**Task item**
The output should be identical to the entries that follow.

(Data extracted from a collection)

**********

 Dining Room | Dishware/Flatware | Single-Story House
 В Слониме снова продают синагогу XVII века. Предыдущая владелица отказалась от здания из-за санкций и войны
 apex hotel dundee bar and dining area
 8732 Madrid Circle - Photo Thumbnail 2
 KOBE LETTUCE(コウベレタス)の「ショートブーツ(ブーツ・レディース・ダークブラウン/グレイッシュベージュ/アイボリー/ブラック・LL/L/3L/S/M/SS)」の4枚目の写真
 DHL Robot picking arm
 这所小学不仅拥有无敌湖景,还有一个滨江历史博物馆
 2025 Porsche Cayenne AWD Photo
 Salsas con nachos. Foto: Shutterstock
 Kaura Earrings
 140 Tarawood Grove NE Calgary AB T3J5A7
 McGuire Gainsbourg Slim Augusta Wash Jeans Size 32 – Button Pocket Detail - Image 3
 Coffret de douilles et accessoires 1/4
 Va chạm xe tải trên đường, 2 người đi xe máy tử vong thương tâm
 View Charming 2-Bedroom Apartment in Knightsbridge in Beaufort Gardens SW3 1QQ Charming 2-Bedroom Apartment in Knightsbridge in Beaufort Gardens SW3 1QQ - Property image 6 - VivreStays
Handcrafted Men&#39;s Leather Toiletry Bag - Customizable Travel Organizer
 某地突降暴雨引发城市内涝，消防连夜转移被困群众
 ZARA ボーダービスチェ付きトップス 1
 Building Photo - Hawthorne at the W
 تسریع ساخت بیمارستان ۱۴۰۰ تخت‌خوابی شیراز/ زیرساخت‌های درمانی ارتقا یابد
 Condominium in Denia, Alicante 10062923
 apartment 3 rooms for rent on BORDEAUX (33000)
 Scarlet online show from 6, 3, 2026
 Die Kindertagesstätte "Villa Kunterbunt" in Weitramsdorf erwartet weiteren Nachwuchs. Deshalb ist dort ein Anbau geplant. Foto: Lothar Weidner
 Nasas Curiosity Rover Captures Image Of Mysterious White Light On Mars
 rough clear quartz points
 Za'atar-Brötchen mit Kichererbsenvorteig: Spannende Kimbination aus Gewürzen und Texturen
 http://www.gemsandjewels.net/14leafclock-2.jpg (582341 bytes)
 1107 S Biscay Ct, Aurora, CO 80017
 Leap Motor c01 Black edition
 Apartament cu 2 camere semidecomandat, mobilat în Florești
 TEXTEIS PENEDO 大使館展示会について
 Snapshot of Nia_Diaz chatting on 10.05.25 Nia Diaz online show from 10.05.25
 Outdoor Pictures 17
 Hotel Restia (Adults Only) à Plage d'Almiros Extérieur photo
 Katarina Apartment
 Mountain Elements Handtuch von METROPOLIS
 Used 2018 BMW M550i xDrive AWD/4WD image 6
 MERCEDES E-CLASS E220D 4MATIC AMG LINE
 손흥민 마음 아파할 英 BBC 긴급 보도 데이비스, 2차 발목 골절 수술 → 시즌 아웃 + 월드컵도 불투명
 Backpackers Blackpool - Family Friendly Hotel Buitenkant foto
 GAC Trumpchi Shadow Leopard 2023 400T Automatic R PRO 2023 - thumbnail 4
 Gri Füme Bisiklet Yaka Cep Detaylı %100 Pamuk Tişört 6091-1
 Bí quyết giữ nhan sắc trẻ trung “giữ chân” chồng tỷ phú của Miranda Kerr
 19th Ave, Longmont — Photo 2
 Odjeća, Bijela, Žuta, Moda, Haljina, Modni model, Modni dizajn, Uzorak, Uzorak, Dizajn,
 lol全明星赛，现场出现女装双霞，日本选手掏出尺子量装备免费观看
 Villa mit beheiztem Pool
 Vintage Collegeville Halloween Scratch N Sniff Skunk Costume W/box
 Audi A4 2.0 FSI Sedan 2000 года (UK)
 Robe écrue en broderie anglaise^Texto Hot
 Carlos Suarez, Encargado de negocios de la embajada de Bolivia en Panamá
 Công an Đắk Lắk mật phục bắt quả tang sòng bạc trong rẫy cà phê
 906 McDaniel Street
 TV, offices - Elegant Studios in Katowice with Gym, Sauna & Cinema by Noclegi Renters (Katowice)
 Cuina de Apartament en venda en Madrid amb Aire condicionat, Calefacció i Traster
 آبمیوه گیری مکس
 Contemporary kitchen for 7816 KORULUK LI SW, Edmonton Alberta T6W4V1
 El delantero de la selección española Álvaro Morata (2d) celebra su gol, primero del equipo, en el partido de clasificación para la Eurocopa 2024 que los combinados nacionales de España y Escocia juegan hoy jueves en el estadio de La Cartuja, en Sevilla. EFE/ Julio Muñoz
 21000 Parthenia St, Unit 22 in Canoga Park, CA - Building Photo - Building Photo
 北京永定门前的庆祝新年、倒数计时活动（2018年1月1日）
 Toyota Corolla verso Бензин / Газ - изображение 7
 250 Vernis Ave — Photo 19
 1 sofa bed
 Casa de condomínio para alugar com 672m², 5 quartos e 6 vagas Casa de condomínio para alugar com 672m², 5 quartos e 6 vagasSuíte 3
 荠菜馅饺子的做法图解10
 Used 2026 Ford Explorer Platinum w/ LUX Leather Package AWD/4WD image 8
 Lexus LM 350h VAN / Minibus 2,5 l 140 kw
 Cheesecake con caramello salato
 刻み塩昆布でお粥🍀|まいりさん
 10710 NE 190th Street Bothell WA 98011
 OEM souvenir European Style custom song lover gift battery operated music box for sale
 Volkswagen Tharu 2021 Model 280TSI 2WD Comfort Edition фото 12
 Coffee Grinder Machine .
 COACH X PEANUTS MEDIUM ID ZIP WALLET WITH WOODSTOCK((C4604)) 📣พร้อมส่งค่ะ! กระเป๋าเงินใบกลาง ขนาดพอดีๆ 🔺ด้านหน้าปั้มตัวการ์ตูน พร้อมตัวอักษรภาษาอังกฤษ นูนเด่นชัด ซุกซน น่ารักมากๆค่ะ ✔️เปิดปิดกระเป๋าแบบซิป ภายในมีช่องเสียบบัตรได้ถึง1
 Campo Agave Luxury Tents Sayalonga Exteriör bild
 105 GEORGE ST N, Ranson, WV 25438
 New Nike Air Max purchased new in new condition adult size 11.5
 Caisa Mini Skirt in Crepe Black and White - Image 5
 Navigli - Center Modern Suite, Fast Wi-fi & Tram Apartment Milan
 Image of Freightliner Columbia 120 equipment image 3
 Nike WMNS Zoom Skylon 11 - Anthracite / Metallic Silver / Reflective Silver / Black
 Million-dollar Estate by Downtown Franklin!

**********

**Result for this exercise**
 Dining Room | Dishware/Flatware | Single-Story House
 В Слониме снова продают синагогу XVII века. Предыдущая владелица отказалась от здания из-за санкций и войны
 apex hotel dundee bar and dining area
 8732 Madrid Circle - Photo Thumbnail 2
 KOBE LETTUCE(コウベレタス)の「ショートブーツ(ブーツ・レディース・ダークブラウン/グレイッシュベージュ/アイボリー/ブラック・LL/L/3L/S/M/SS)」の4枚目の写真
 DHL Robot picking arm
 这所小学不仅拥有无敌湖景,还有一个滨江历史博物馆
 2025 Porsche Cayenne AWD Photo
 Salsas con nachos. Foto: Shutterstock
 Kaura Earrings
 140 Tarawood Grove NE Calgary AB T3J5A7
 McGuire Gainsbourg Slim Augusta Wash Jeans Size 32 – Button Pocket Detail - Image 3
 Coffret de douilles et accessoires 1/4
 Va chạm xe tải trên đường, 2 người đi xe máy tử vong thương tâm
 View Charming 2-Bedroom Apartment in Knightsbridge in Beaufort Gardens SW3 1QQ Charming 2-Bedroom Apartment in Knightsbridge in Beaufort Gardens SW3 1QQ - Property image 6 - VivreStays
Handcrafted Men&#39;s Leather Toiletry Bag - Customizable Travel Organizer
 某地突降暴雨引发城市内涝，消防连夜转移被困群众
 ZARA ボーダービスチェ付きトップス 1
 Building Photo - Hawthorne at the W
 تسریع ساخت بیمارستان ۱۴۰۰ تخت‌خوابی شیراز/ زیرساخت‌های درمانی ارتقا یابد
 Condominium in Denia, Alicante 10062923
 apartment 3 rooms for rent on BORDEAUX (33000)
 Scarlet online show from 6, 3, 2026
 Die Kindertagesstätte "Villa Kunterbunt" in Weitramsdorf erwartet weiteren Nachwuchs. Deshalb ist dort ein Anbau geplant. Foto: Lothar Weidner
 Nasas Curiosity Rover Captures Image Of Mysterious White Light On Mars
 rough clear quartz points
 Za'atar-Brötchen mit Kichererbsenvorteig: Spannende Kimbination aus Gewürzen und Texturen
 http://www.gemsandjewels.net/14leafclock-2.jpg (582341 bytes)
 1107 S Biscay Ct, Aurora, CO 80017
 Leap Motor c01 Black edition
 Apartament cu 2 camere semidecomandat, mobilat în Florești
 TEXTEIS PENEDO 大使館展示会について
 Snapshot of Nia_Diaz chatting on 10.05.25 Nia Diaz online show from 10.05.25
 Outdoor Pictures 17
 Hotel Restia (Adults Only) à Plage d'Almiros Extérieur photo
 Katarina Apartment
 Mountain Elements Handtuch von METROPOLIS
 Used 2018 BMW M550i xDrive AWD/4WD image 6
 MERCEDES E-CLASS E220D 4MATIC AMG LINE
 손흥민 마음 아파할 英 BBC 긴급 보도 데이비스, 2차 발목 골절 수술 → 시즌 아웃 + 월드컵도 불투명
 Backpackers Blackpool - Family Friendly Hotel Buitenkant foto
 GAC Trumpchi Shadow Leopard 2023 400T Automatic R PRO 2023 - thumbnail 4
 Gri Füme Bisiklet Yaka Cep Detaylı %100 Pamuk Tişört 6091-1
 Bí quyết giữ nhan sắc trẻ trung “giữ chân” chồng tỷ phú của Miranda Kerr
 19th Ave, Longmont — Photo 2
 Odjeća, Bijela, Žuta, Moda, Haljina, Modni model, Modni dizajn, Uzorak, Uzorak, Dizajn,
 lol全明星赛，现场出现女装双霞，日本选手掏出尺子量装备免费观看
 Villa mit beheiztem Pool
 Vintage Collegeville Halloween Scratch N Sniff Skunk Costume W/box
 Audi A4 2.0 FSI Sedan 2000 года (UK)
 Robe écrue en broderie anglaise^Texto Hot
 Carlos Suarez, Encargado de negocios de la embajada de Bolivia en Panamá
 Công an Đắk Lắk mật phục bắt quả tang sòng bạc trong rẫy cà phê
 906 McDaniel Street
 TV, offices - Elegant Studios in Katowice with Gym, Sauna & Cinema by Noclegi Renters (Katowice)
 Cuina de Apartament en venda en Madrid amb Aire condicionat, Calefacció i Traster
 آبمیوه گیری مکس
 Contemporary kitchen for 7816 KORULUK LI SW, Edmonton Alberta T6W4V1
 El delantero de la selección española Álvaro Morata (2d) celebra su gol, primero del equipo, en el partido de clasificación para la Eurocopa 2024 que los combinados nacionales de España y Escocia juegan hoy jueves en el estadio de La Cartuja, en Sevilla. EFE/ Julio Muñoz
 21000 Parthenia St, Unit 22 in Canoga Park, CA - Building Photo - Building Photo
 北京永定门前的庆祝新年、倒数计时活动（2018年1月1日）
 Toyota Corolla verso Бензин / Газ - изображение 7
 250 Vernis Ave — Photo 19
 1 sofa bed
 Casa de condomínio para alugar com 672m², 5 quartos e 6 vagas Casa de condomínio para alugar com 672m², 5 quartos e 6 vagasSuíte 3
 荠菜馅饺子的做法图解10
 Used 2026 Ford Explorer Platinum w/ LUX Leather Package AWD/4WD image 8
 Lexus LM 350h VAN / Minibus 2,5 l 140 kw
 Cheesecake con caramello salato
 刻み塩昆布でお粥🍀|まいりさん
 10710 NE 190th Street Bothell WA 98011
 OEM souvenir European Style custom song lover gift battery operated music box for sale
 Volkswagen Tharu 2021 Model 280TSI 2WD Comfort Edition фото 12
 Coffee Grinder Machine .
 COACH X PEANUTS MEDIUM ID ZIP WALLET WITH WOODSTOCK((C4604)) 📣พร้อมส่งค่ะ! กระเป๋าเงินใบกลาง ขนาดพอดีๆ 🔺ด้านหน้าปั้มตัวการ์ตูน พร้อมตัวอักษรภาษาอังกฤษ นูนเด่นชัด ซุกซน น่ารักมากๆค่ะ ✔️เปิดปิดกระเป๋าแบบซิป ภายในมีช่องเสียบบัตรได้ถึง1
 Campo Agave Luxury Tents Sayalonga Exteriör bild
 105 GEORGE ST N, Ranson, WV 25438
 New Nike Air Max purchased new in new condition adult size 11.5
 Caisa Mini Skirt in Crepe Black and White - Image 5
 Navigli - Center Modern Suite, Fast Wi-fi & Tram Apartment Milan
 Image of Freightliner Columbia 120 equipment image 3
 Nike WMNS Zoom Skylon 11 - Anthracite / Metallic Silver / Reflective Silver / Black
 Million-dollar Estate by Downtown Franklin!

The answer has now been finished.